The Job controller runs inside kube-controller-manager. It watches Job objects and their owned pods. On every reconciliation cycle:

  1. Count active pods. How many pods are currently running?
  2. Count succeeded pods. How many have exited 0?
  3. Count failed pods. How many have exited non-zero?
  4. Decide. Should it create more pods? Should it mark the Job as complete? Should it mark the Job as failed?

The controller creates pods up to the parallelism limit. It stops creating pods once completions successful exits have been recorded.


The demo’s simplest Job calculates digits of pi:

apiVersion: batch/v1
kind: Job
metadata:
name: pi-calculator
namespace: jobs-demo
spec:
template:
spec:
containers:
- name: pi
image: perl:5.38-slim
command: ["perl", "-Mbignum=bpi", "-wle", "print bpi(2000)"]
resources:
requests:
cpu: 100m
memory: 64Mi
limits:
cpu: 500m
memory: 128Mi
restartPolicy: Never
backoffLimit: 3

Key observations:

  • No completions or parallelism specified. Both default to 1. One pod must succeed once.
  • restartPolicy: Never. Job pods cannot use Always. They must use Never or OnFailure. With Never, a failed pod stays around for log inspection. With OnFailure, the kubelet restarts the container in the same pod.
  • backoffLimit: 3. The Job retries up to 3 times before marking itself as failed.

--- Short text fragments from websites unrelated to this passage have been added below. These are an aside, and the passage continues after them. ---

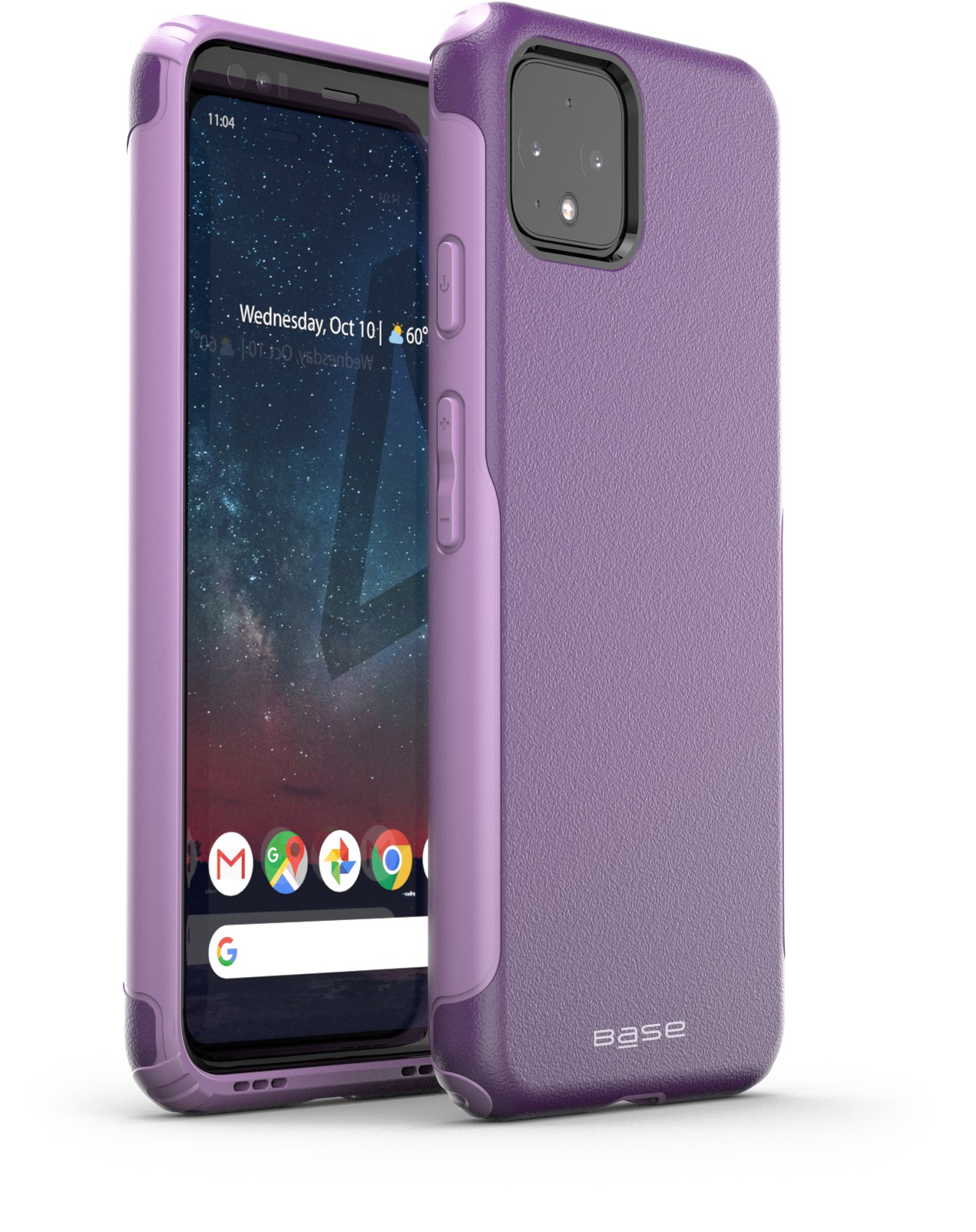 Purple rugged anti-slip matte surface case for Google Pixel 4 cell phones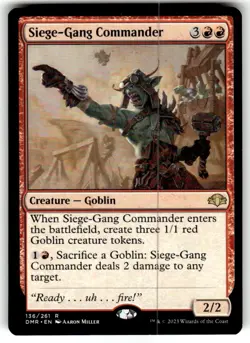 Siege-Gang Commander MTG NM Magic The Gathering - Image 1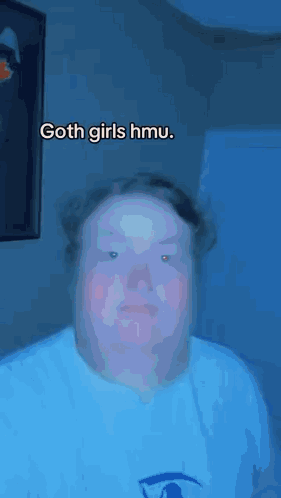 Man in Blue Shirt Talking About Goth Girls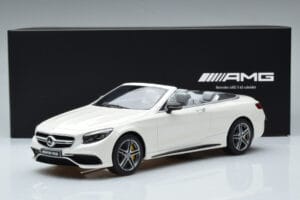 Mercedes AMG S63 A217 Cabriolet Diamond Wit GT Spirit 1:18 B66965712 Hars — afbeelding 6 van 6
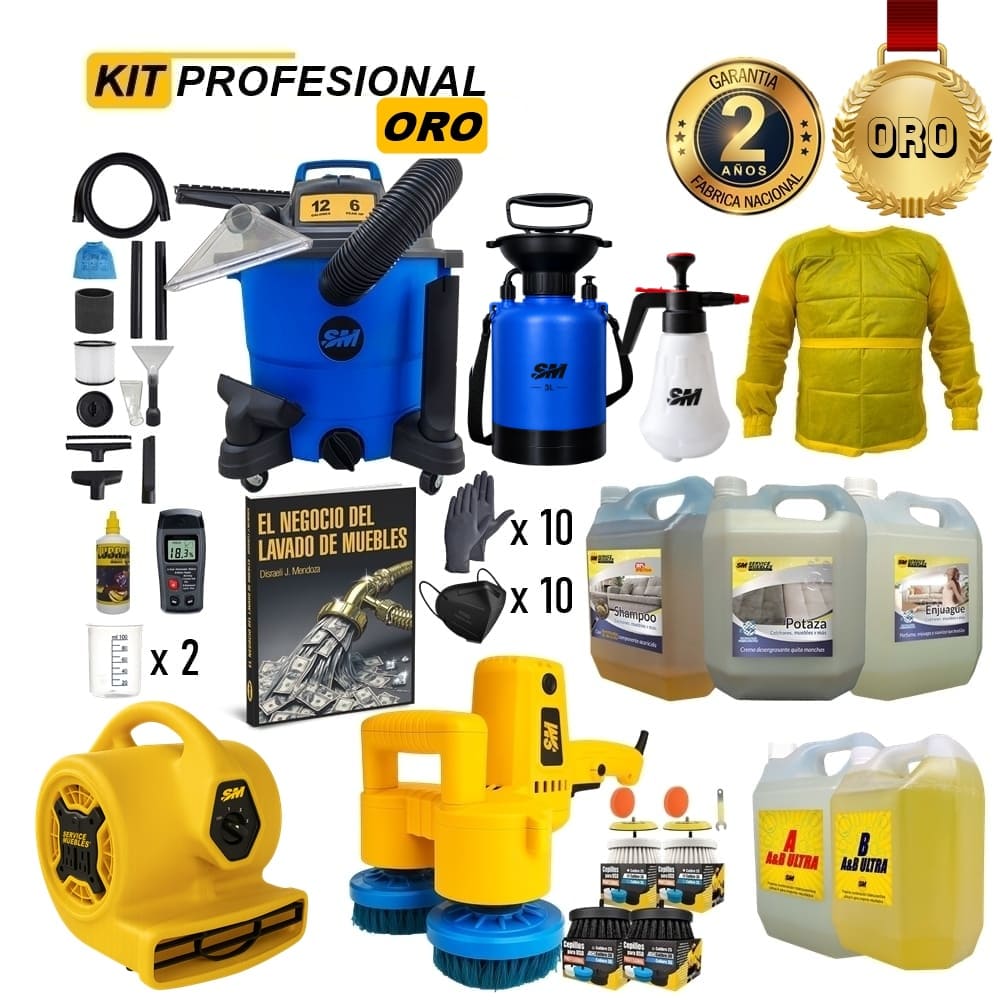 SM Kit Oro para lavar tapicería de manera profesional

Each successful pod counts as one completion. Pods are interchangeable. The Job does not care which pod finishes first. It simply counts successes.

The demo’s parallel job uses this mode:

apiVersion: batch/v1
kind: Job
metadata:
name: batch-processor
namespace: jobs-demo
spec:
completions: 5
parallelism: 2
template:
spec:
containers:
- name: worker
image: busybox:1.36
command:
- /bin/sh
- -c
- |
TASK_ID=$((RANDOM % 1000))
echo "Worker $(hostname) processing task $TASK_ID"
sleep $((RANDOM % 5 + 1))
echo "Task $TASK_ID completed"
restartPolicy: Never
backoffLimit: 3

With completions: 5 and parallelism: 2, the controller runs up to 2 pods at a time. When a pod succeeds, it starts another one. This continues until 5 total successes are recorded.

Introduced in Kubernetes 1.21. Each pod gets a unique index from 0 to completions - 1. The index is available in the JOB_COMPLETION_INDEX environment variable.

spec:
completions: 10
parallelism: 3
completionMode: Indexed

Each index must succeed exactly once. If index 4 fails, the controller retries index 4 specifically, not just “any pod.”

Indexed mode is useful when each task processes a distinct chunk of data:

Terminal window
# Inside the pod
CHUNK=$JOB_COMPLETION_INDEX
process_data --chunk=$CHUNK --total-chunks=10

Completions = 1, Parallelism = 1 (Default)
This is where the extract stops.